Lassé de la vie parisienne et des cours d'Europe, le comte Paul de Manerville retourne dans sa province natale, à Bordeaux, avec l'intention de se marier et de mener une vie de gentilhomme. Il ne tarde pas à tomber amoureux de la jeune fille la plus à la mode de la ville, Natalie Evangelista, dont le père était très riche. Il demande bientôt sa main. Au moment de préparer le contrat de mariage, le vieux notaire de famille comprend que, depuis le décès de son mari, Mme Evangelista a dépensé l'héritage de sa fille et qu'elle essaie, avec l'aide de son notaire, de flouer Paul.

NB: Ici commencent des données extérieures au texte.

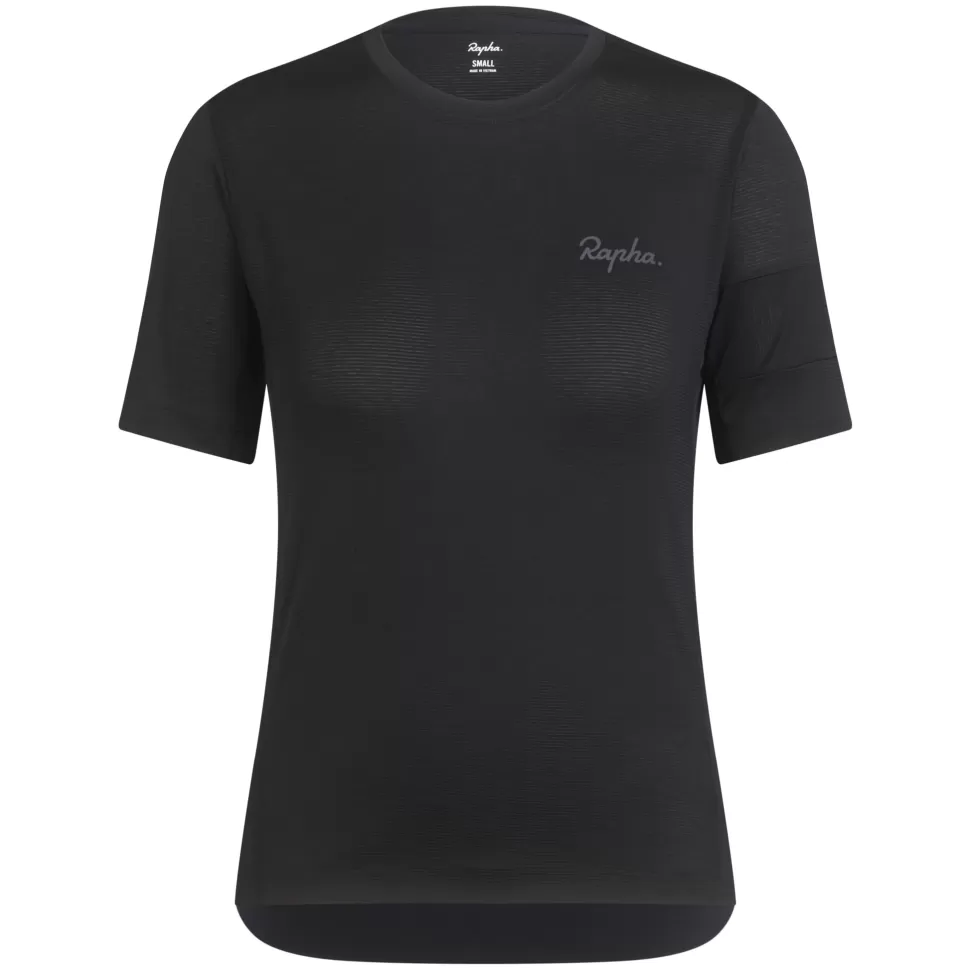 Rapha Jackets & Tops>Women'S Explore Technical T-Shirt Black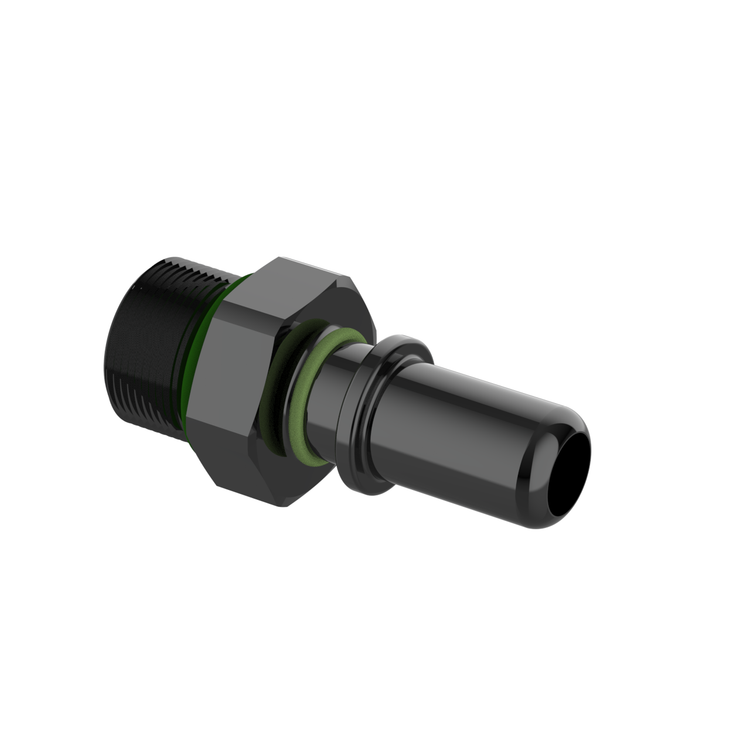 Dyme PRO/SPEC Fitting Adapters QC Bosch 044 to QC Male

Il prend des dispositions pour protéger la fortune des Manerville, en particulier par le biais d'un majorat, patrimoine inaliénable destiné à l'aîné mâle et qui doit être transmis de génération en génération. Par dépit d'avoir été démasquée et par vengeance, Mme Evangelista va tenter, avec la complicité de Natalie, de dépouiller Paul de sa fortune au profit de sa fille.

 

II. HISTOIRE(S) DU TEXTE

Le Contrat de mariage, sous son titre initial La Fleur des pois a été imaginé, écrit, composé, corrigé, imprimé et mis en vente entre août et novembre 1835.

Le manuscrit et les épreuves sont conservés à la collection Spoelberch de Lovenjoul. Le manuscrit (A 80, fos A, B, et 1-79) comprend l'ensemble du texte plus un chapitre inédit. Dix jeux d'épreuves corrigées sont enregistrés sous la cote A 81, fos 1-282 et trente et un jeux sous la cote A 82, fos 1-307.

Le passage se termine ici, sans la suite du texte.